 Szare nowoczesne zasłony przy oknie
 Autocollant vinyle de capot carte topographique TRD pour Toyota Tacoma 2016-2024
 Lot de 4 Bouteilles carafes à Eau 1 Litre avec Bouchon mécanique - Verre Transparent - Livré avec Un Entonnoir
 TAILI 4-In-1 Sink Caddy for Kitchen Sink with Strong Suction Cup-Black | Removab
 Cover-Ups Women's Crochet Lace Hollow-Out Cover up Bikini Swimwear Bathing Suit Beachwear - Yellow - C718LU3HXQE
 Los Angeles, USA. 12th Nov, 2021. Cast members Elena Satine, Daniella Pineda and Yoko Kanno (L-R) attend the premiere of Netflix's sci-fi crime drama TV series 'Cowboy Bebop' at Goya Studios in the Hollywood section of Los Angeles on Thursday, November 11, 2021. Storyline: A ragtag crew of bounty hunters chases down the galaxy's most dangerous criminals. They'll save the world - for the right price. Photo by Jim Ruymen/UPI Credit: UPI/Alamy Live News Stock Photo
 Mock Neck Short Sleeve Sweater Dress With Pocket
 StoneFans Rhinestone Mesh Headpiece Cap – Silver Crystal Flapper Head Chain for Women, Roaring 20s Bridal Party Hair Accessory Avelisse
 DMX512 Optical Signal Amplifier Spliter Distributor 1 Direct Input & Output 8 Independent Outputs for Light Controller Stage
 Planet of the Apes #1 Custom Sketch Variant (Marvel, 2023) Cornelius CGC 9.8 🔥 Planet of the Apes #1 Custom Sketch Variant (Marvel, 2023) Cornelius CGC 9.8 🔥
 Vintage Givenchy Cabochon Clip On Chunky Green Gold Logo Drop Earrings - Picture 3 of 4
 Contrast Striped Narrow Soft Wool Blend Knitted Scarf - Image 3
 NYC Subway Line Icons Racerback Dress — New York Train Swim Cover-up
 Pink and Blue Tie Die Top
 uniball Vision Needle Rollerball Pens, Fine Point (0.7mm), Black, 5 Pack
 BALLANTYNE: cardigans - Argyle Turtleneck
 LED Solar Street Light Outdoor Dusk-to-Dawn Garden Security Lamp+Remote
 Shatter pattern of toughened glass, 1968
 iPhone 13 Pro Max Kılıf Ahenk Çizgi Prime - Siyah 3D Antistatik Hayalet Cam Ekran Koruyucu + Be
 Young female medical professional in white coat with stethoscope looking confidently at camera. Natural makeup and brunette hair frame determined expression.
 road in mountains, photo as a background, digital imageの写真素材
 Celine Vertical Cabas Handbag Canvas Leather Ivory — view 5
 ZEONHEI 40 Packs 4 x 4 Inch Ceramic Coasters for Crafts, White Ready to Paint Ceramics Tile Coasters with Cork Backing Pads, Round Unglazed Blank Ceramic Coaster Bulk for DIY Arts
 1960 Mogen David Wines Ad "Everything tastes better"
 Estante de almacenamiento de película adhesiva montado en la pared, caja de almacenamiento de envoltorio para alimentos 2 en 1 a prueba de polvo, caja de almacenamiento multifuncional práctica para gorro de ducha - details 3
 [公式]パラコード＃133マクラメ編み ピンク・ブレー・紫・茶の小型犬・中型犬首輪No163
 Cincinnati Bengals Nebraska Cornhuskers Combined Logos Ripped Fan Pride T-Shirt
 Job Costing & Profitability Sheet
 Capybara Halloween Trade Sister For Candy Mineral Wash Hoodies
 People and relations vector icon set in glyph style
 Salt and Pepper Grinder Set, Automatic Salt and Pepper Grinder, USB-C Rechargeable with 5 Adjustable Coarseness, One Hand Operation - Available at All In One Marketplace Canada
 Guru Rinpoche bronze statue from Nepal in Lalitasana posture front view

## Action item
From the entries, report every line in which the string "Cover" occurs.

## Response to this task
 Cover-Ups Women's Crochet Lace Hollow-Out Cover up Bikini Swimwear Bathing Suit Beachwear - Yellow - C718LU3HXQE
 NYC Subway Line Icons Racerback Dress — New York Train Swim Cover-up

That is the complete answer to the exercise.